No.2 7点 糸色女少 2024/03/06 21:17
全面核戦争により北半球は一瞬で滅亡、無事だった南半球にも放射能が南下していく。数ケ月後、オーストラリア南端にも最後の荷が迫っていた。
夢だったカーレースに挑む科学者、ギリギリまで現実から目を背け庭作りに勤しむ女、亡くなった家族への土産を探すアメリカ人艦長。
SFとしては動きがないが、今読んでもなお、核戦争の恐怖を身近に感じさせる。

No.1 8点 斎藤警部 2020/09/25 19:56
9月になれば、すべてが終わる。
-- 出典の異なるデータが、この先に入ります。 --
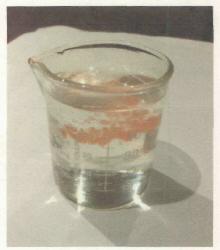 Device Device mark 2877806 Trademark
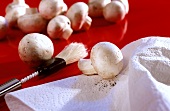 Mushrooms with kitchen paper and brush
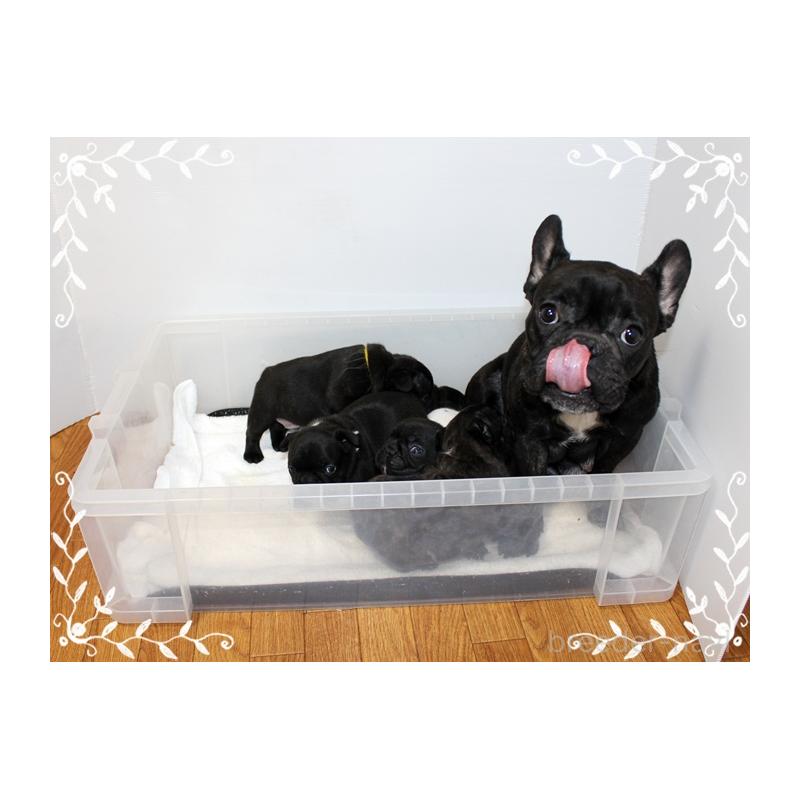 成約済の神奈川県のフレンチブルドッグ-434382の4枚目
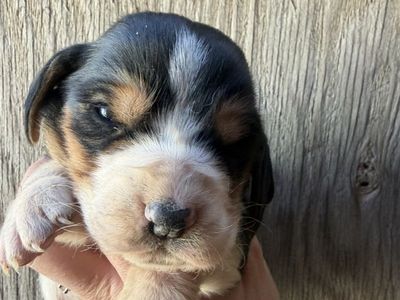 Basset Hound Puppies!!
。。。。。。。。 絶望を希望がやさしく受け入れる僅かな時間に、平和が訪れた。希望光放つ所に、争い鎮まるいとま無し。 コバルト爆弾飛び交う第三次世界大戦なる蛮行の果て、救世主ジギー・スターダスト光臨の奇蹟もなく、ザ・ビートルズがアメリカで大ブレイクを果たして間もなく、人類とほとんどの生物の命が地上から絶えてしまう(音楽業界はチャンスを逃した)。 北半球は爆撃で全滅。激甚な放射線は赤道を越えて南半球を侵食し始め、今や残るはオーストラリア南部の更に南部だけ(大都市ではメルボルンのみ)。

“写真の縁の中から、シャロンが、よくわかっている、そうだと言わんばかりに、モイラを眺めていた。”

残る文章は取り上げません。